Lifeboats News Release

Leverburgh RNLI’s new Shannon class Lifeboat goes on service from 1700 hours today.

RNLB Stella and Humfrey Berkeley 13-25 at sea, with flags

Nicholas Leach

RNLB Stella and Humfrey Berkeley 13-25
Following a very busy period, Leverburgh RNLI’s volunteer crew have passed their Shannon-based training and the RNLB Stella and Humfrey Berkeley 13-25 will go on service at 5 pm today.

The new £2.2m Lifeboat arrived in Leverburgh, to a huge crowd, on Saturday 21st April. Training on the Shannon class had begun before that time, with various crew members visiting the RNLI’s college in Poole for training and familiarisation. Following the Shannon’s arrival in Leverburgh, crew undertook a further period of intensive training and have now been passed out.

RNLI Fleet Staff Coxswain, Andrew said: It has been a pleasure to work with all the volunteers at Leverburgh Lifeboat Station. To see their new Shannon class lifeboat going on service is a proud moment for everyone involved and a massive date in the station’s history books. The new boat will serve the station well for years to come, but will always need the volunteers to continue the great work that they do, to allow it all to happen. Thank you to all the training staff and everyone else involved for making this Shannon delivery, to such a beautiful corner of the world, a pleasure to be part of.”

The Shannon class Lifeboat is the RNLI’s first modern all-weather lifeboat to be propelled by waterjets instead of traditional propellers, making her the most agile and manoeuvrable all-weather lifeboat yet, a feature which will be particularly beneficial when working in the challenging waters of the Sound of Harris. Furthermore, the Shannon is almost 50% faster than Leverburgh’s previous Mersey Class Lifeboat, RNLB The Royal Thames, with a top speed of 25 knots – a crucial factor when lives are at risk.

Leverburgh RNLI Coxswain, Angus Morrison, who was part of the team who took the new Shannon from Poole to Leverburgh said: “Apart from the increased speed, range and manoeuvrability of the Shannon, one of the most significant improvements is the increased safety and welfare of the crew. Each seat is mounted on a shock absorber, and individual electronic screens allow the crew to operate and monitor most of the lifeboat’s functions from the safety of their seat. It is a real honour to be in receipt of such an impressive vessel and we are sure she will serve our coastal communities well for years to come.”

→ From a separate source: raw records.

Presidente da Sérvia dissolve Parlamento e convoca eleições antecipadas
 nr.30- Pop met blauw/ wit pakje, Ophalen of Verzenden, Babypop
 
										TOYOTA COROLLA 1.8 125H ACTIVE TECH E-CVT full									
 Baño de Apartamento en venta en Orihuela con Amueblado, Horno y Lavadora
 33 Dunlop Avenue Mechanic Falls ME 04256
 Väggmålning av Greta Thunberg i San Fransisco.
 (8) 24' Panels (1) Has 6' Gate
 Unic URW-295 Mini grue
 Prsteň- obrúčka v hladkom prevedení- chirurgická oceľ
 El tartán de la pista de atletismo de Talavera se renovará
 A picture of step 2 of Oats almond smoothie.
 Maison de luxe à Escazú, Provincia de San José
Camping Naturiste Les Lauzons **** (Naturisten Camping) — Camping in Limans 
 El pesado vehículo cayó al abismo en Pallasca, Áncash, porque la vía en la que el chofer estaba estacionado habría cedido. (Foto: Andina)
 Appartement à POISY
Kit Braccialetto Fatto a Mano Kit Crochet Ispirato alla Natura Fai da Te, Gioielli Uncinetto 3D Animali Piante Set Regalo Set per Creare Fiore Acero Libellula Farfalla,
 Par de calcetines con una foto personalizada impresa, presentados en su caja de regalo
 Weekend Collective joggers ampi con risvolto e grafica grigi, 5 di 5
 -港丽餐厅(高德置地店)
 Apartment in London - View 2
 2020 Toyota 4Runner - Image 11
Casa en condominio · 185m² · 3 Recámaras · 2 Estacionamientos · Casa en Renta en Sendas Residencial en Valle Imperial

Leverburgh RNLI’s Lifeboat Operations Manager, Chris Ross added: “We would like to pay particular thanks to all the RNLI trainers and assessors who have visited us over recent months, for their time and the wealth of knowledge they have brought with them. We would also like to thank our local coastguard helicopter teams for assisting us with our most recent training. It is a truly memorable occasion to have our new Shannon class Lifeboat go on service and one which we are delighted to be a part of. The Mersey Class Lifeboat has served us well since the station’s establishment in 2012, but the arrival of the Shannon in Leverburgh brings a whole host of new, much more advanced, life-saving capability to our coasts. While today’s announcement is welcome news in terms of crew having been passed out, the opportunity to learn will no doubt carry on well into the future as they continue to acquaint themselves with their new vessel.”

Leverburgh’s new Shannon Class Lifeboat will be officially named at a special ceremony, to be held on Saturday 14th July. More information on this will follow in the coming weeks.

Rnli media contacts:

Catriona MacLennan, Lifeboat Press Officer, Leverburgh RNLI. 07827 994354,

RNLB Stella and Humfrey Berkeley 13-25 beside large crowd of people on Leverburgh pier

John J MacLennan

RNLB Stella and Humfrey Berkeley 13-25

Key facts about the RNLI

The Royal National Lifeboat Institution is the charity that saves lives at sea. Our volunteers provide a 24-hour search and rescue service in the United Kingdom and Ireland from 238 lifeboat stations, including four along the River Thames and inland lifeboat stations at Loch Ness, Lough Derg, Enniskillen, Carrybridge and Lough Ree. Additionally the RNLI has more than 1,000 lifeguards on over 240 beaches around the UK and operates a specialist flood rescue team, which can respond anywhere across the UK and Ireland when inland flooding puts lives at risk.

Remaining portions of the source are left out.